In Samoa, the battle was not really even fought as its bananas, Misi Luki or literally Mr Rudi for reasons nobody is terribly clear about, are unaffected by Black Sigatoka. They’re grown without the chemicals that flood the Cavendish.

“We like to think our bananas are the best tasting anywhere, you can really notice the difference,” says Cook, who grows them in Sale’imoa. He believes it is the future of the world crop. “If it is done sensibly and carefully it has a very good future.”

Misi Luki’s origins, like the name, are vague but it is believed to be a close relative of India’s Mysore banana. Unlike the Cavendish, which needs hot and humid climates to grow, Misi Luki and highland varieties thrive in a variety of climates. While Samoa is hot and humid, Misi Luki grows well and uses its hardier characteristics to fight off the disease.
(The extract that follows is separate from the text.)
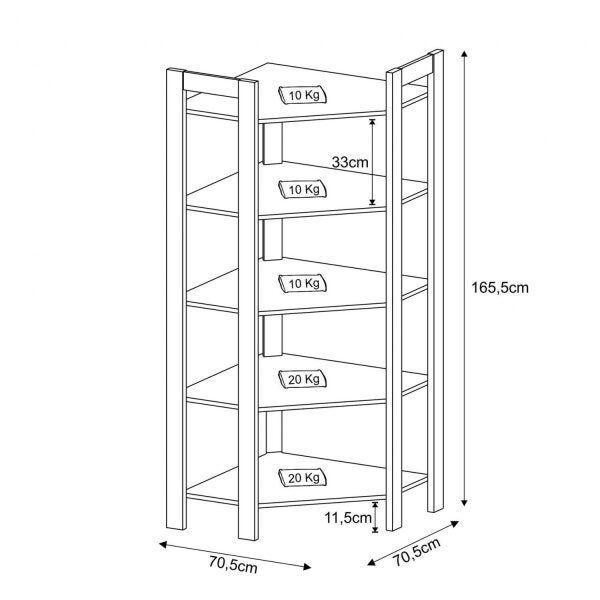 Imagem de Estante de Canto Multiuso 70,5cmx165,5cm Az1020 Tecno Mobili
Misi Luki produces smaller bananas than the Cavendish. “It’s much sweeter, you taste something not like the bananas that are grown commercially,” Cook says. They are grown differently too: no big mono-cultural plantations, but diverse setting. “We mix them with other plants. I like my tropical trees and birds.” Importantly, they carry an internationally recognised organically grown certificate.

Samoa used to be a major banana exporter to New Zealand and up to the 1960s the “banana boats” linked the Pacific, picking up cargoes and passengers. But the heavy plantation growers, particularly from Ecuador, killed the smaller Pacific trade and Misi Luki was left as part of the domestic Samoan economy.

Getting back into the New Zealand market has not been easy as the quarantine service there threw up barrier after barrier. They’re worried about mealie bugs which New Zealand actually has more of than Samoa.

Cook, the first coach of Manu Samoa rugby team, said it was a constant struggle dealing with people in Wellington who believed they knew more about bananas than Samoans. And when challenged they were mostly indifferent to hearing what Samoa had to say.

But they are getting them in by airfreight where Kebbell says they cannot get enough. The big American grower Dole is trying to break into the organic market with its own banana from South America. But given the state of the plantations and the nature of shipping, Kebbell questions how organic they may be.

The extinction news is not so good for Fiji’s Sigatoka on the southern Coral Coast of Viti Levu. It’s on the Queen’s Highway between the capital Suva and Nadi International Airport.

It won its infamous horticultural name when the fungus Mycosphaerella musicola was first recognised there in 1912 and called “Yellow Sigatoka”. It took 40 years for it to spread around the world. Then in 1963 came Mycosphaerella fijiensis or Black Sigatoka.

Both diseases can cause extensive defoliation, but Black Sigatoka is far more damaging than Yellow Sigatoka. Yields are reduced, and fruit from affected plantations is prone to premature and uneven ripening. Chemicals can control it, but they are expensive.

In the South Pacific, Sigatoka does not carry the same dread sound: rather it is mystical. For the vast Sigatoka sand dunes at the mouth of the river are the birthplace of Polynesia. As the wind and waves move, the sand, the bodies of the first peoples known as Polynesians emerge, evidence that the remarkable peopling of the South Seas started there.